Dataset entries

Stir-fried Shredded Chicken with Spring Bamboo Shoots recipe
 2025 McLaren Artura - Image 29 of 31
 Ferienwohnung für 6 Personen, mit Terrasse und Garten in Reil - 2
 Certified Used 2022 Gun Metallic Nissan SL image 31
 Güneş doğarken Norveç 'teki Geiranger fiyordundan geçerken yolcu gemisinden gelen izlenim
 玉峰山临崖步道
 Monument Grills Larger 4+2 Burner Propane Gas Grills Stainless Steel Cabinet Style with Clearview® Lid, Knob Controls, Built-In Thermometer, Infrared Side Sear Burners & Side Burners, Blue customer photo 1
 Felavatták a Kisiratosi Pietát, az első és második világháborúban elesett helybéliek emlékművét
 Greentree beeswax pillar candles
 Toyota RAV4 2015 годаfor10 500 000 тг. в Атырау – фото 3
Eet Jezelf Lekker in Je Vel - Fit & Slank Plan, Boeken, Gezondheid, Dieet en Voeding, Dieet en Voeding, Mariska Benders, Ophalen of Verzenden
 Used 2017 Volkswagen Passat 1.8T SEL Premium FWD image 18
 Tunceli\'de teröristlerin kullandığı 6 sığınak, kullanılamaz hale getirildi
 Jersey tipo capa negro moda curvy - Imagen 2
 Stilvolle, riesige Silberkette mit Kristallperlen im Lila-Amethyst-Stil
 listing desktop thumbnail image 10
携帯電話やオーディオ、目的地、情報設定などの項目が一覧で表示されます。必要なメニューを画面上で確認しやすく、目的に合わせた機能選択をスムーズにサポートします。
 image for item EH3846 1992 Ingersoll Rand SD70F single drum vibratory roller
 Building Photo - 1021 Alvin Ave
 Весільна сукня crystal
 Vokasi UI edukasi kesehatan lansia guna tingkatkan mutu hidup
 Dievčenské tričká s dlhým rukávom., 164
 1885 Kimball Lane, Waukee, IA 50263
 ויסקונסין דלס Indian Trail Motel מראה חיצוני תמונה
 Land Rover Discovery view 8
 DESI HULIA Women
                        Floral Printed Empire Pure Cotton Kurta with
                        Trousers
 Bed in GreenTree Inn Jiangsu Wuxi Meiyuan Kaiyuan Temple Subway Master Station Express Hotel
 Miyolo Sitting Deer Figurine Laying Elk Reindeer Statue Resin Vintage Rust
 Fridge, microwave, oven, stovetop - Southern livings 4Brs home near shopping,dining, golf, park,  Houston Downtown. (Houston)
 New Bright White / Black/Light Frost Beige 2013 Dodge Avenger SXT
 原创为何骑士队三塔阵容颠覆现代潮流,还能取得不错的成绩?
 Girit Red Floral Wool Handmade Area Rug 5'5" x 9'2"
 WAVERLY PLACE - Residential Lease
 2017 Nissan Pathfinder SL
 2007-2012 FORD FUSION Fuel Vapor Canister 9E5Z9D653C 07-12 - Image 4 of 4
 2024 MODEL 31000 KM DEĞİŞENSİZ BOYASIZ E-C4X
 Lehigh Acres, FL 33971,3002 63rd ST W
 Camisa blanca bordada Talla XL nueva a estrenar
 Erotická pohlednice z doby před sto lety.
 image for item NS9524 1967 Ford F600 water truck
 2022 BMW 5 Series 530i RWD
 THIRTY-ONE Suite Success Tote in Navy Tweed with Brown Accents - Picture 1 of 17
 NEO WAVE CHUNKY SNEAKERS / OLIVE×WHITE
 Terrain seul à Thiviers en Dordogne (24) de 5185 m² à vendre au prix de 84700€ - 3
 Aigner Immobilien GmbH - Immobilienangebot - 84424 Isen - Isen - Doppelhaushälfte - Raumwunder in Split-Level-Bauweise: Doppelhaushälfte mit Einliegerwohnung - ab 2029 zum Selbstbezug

## Task goal
Filter the entries above and copy only the lines that hold "item".

## Task solution
 image for item EH3846 1992 Ingersoll Rand SD70F single drum vibratory roller
 image for item NS9524 1967 Ford F600 water truck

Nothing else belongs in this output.